General Securities Principal Exam (Series 24): Full Comparison

The General Securities Principal Exam (Series 24) is a supervisory-level qualification. Unlike the exams that license you to sell securities, the Series 24 qualifies you to supervise the people who do — approving accounts, advertising, underwriting, and the day-to-day activities of a broker-dealer's investment banking and securities business. Because it sits at the top of the qualification ladder, it's most useful to compare it against the representative-level and foundational exams that typically come before it: the SIE, Series 6, Series 7, and Series 63.

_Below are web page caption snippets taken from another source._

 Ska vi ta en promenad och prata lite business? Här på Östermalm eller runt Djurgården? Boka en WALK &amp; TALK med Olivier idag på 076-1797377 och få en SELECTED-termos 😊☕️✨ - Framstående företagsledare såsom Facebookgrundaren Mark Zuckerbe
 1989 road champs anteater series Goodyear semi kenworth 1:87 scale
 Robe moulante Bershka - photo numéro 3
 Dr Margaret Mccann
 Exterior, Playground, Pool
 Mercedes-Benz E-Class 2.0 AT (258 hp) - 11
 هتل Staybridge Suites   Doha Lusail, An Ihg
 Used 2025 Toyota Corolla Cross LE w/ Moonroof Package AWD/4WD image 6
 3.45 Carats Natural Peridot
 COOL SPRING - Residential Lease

This page compares the Series 24 with those related exams across scope, difficulty, intended audience, and prerequisites, so you can see where it fits in your career path.

At a glance

The Series 24 is a principal (supervisory) exam, while the others are representative or foundational exams. The Series 24 consists of 150 multiple-choice questions, must be completed in 225 minutes, requires a score of 70% to pass, and costs $235.

Scope

  • Series 24 (General Securities Principal): Supervision of a broker-dealer's securities business — including sales, trading, underwriting/investment banking, and compliance oversight. It is about managing and supervising registered persons, not about selling.
  • Series 7 (General Securities Representative): The broad license to sell nearly all types of securities products (stocks, bonds, options, packaged products) as a registered representative.
  • SIE (Securities Industry Essentials): A foundational, entry-level exam covering basic industry knowledge — product types, market structure, regulatory framework, and prohibited practices.
  • Series 63 (Uniform Securities Agent State Law): State-level (blue-sky) law and the Uniform Securities Act — registration, ethical practices, and state regulatory requirements.
  • Series 6 (Investment Company and Variable Contracts Products Representative): A limited representative license focused on mutual funds, variable annuities, and variable life insurance.

Who each is for

  • Series 24: Experienced registered persons moving into a supervisory or management role — branch managers, compliance officers, and principals responsible for oversight.
  • Series 7: Registered representatives who want to sell the full range of securities products.
  • SIE: Anyone entering the industry, including students and candidates who don't yet have a sponsoring firm.
  • Series 63: Representatives who need to be registered to transact business at the state level (commonly paired with the Series 6 or 7).
  • Series 6: Professionals selling packaged investment products, often alongside an insurance license.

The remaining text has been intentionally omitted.